| WHAT YOU SHOULD DO |
Reproduce the entries shown below only from the line with "Pre-owned Maison Michel" down to the line with "Fortia 98W X", keeping both end lines and copying each one exactly.

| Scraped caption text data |
------------
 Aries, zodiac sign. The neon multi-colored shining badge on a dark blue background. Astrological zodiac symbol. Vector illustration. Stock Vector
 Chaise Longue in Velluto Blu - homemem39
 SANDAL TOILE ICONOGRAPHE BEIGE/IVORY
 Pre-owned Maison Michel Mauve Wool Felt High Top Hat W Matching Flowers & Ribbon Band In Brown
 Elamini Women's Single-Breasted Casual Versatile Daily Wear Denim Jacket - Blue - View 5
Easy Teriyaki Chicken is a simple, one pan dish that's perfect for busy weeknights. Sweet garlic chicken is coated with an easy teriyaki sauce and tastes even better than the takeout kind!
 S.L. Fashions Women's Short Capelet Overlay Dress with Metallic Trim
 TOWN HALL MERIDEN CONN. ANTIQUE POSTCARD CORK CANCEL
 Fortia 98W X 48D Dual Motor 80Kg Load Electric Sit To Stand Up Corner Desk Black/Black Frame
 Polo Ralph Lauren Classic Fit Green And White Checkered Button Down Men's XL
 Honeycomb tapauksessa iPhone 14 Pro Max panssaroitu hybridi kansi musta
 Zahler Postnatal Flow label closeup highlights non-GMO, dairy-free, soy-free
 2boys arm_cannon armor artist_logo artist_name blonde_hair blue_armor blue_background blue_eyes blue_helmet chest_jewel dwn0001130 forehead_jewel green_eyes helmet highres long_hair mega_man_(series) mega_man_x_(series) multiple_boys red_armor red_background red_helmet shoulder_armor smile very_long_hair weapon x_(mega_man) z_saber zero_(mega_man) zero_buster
------------
| WRITTEN REPLY |
 Pre-owned Maison Michel Mauve Wool Felt High Top Hat W Matching Flowers & Ribbon Band In Brown
 Elamini Women's Single-Breasted Casual Versatile Daily Wear Denim Jacket - Blue - View 5
Easy Teriyaki Chicken is a simple, one pan dish that's perfect for busy weeknights. Sweet garlic chicken is coated with an easy teriyaki sauce and tastes even better than the takeout kind!
 S.L. Fashions Women's Short Capelet Overlay Dress with Metallic Trim
 TOWN HALL MERIDEN CONN. ANTIQUE POSTCARD CORK CANCEL
 Fortia 98W X 48D Dual Motor 80Kg Load Electric Sit To Stand Up Corner Desk Black/Black Frame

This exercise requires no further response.